↓

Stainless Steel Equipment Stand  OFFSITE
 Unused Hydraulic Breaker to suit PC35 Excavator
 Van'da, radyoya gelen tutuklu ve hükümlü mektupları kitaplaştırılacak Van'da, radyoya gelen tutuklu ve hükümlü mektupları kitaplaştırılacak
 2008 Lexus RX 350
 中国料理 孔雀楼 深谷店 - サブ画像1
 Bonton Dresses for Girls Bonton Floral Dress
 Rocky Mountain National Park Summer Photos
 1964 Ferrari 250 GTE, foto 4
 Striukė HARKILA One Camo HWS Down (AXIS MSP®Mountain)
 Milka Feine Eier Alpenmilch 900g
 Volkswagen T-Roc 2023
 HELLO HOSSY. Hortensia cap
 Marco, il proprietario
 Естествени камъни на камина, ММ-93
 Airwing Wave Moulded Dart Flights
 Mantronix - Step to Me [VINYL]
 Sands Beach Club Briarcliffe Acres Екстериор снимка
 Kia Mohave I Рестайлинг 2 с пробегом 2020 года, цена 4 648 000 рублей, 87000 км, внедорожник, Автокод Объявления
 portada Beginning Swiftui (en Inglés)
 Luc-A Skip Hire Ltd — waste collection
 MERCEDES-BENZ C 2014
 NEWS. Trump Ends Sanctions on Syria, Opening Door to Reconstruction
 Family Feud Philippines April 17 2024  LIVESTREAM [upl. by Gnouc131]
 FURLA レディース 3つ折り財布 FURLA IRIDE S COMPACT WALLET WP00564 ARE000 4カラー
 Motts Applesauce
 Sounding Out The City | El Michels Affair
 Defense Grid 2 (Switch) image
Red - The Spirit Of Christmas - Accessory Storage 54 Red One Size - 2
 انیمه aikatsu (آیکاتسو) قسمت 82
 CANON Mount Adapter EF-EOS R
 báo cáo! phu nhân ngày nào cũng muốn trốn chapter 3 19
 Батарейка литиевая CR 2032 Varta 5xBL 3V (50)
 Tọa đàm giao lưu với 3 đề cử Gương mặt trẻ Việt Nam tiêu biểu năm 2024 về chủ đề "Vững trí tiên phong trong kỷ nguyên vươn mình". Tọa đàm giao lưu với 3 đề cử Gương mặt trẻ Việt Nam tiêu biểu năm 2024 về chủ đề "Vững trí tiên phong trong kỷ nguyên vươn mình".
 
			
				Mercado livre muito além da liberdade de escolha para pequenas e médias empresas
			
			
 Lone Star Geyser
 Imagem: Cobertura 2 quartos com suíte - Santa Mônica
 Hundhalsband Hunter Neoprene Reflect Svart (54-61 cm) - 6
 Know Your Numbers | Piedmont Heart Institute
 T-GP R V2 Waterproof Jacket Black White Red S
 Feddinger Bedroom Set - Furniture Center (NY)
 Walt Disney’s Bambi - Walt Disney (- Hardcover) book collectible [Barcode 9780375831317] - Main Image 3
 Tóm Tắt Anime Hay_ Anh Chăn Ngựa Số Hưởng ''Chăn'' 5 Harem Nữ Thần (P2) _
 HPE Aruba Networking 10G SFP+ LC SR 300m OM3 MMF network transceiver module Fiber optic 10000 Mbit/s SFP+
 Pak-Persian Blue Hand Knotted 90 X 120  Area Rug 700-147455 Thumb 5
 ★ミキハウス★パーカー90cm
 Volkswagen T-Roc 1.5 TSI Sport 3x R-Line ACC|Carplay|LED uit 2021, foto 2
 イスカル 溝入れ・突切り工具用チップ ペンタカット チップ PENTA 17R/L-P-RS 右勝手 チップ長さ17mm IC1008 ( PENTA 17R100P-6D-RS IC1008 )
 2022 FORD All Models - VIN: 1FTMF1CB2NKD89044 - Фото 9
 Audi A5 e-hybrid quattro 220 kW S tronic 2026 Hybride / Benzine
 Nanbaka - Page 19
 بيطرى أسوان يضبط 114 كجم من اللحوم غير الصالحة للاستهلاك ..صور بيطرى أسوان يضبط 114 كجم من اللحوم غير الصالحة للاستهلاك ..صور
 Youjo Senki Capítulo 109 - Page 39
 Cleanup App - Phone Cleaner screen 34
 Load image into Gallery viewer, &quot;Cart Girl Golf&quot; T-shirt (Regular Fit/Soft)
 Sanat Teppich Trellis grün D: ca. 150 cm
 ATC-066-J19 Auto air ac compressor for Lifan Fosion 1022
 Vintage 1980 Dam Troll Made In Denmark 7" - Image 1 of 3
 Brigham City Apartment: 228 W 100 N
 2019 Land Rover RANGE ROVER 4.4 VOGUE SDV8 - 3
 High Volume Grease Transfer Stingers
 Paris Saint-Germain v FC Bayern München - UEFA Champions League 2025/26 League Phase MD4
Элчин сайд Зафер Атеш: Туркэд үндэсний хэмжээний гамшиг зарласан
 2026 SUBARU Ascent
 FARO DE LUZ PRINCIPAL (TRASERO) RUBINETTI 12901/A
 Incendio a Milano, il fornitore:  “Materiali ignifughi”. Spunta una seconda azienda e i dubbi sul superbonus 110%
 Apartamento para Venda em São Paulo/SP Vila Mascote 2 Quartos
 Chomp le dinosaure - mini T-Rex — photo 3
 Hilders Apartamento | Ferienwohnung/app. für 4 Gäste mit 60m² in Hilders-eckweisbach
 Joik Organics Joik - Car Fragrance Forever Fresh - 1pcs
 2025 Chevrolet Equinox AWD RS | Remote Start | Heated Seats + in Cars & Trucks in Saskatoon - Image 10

↑

- **TASK TO COMPLETE**: Return one number, the count of lines in the records holding the word "Mountain".

- **RESPONSE FOR THIS EXERCISE**: 2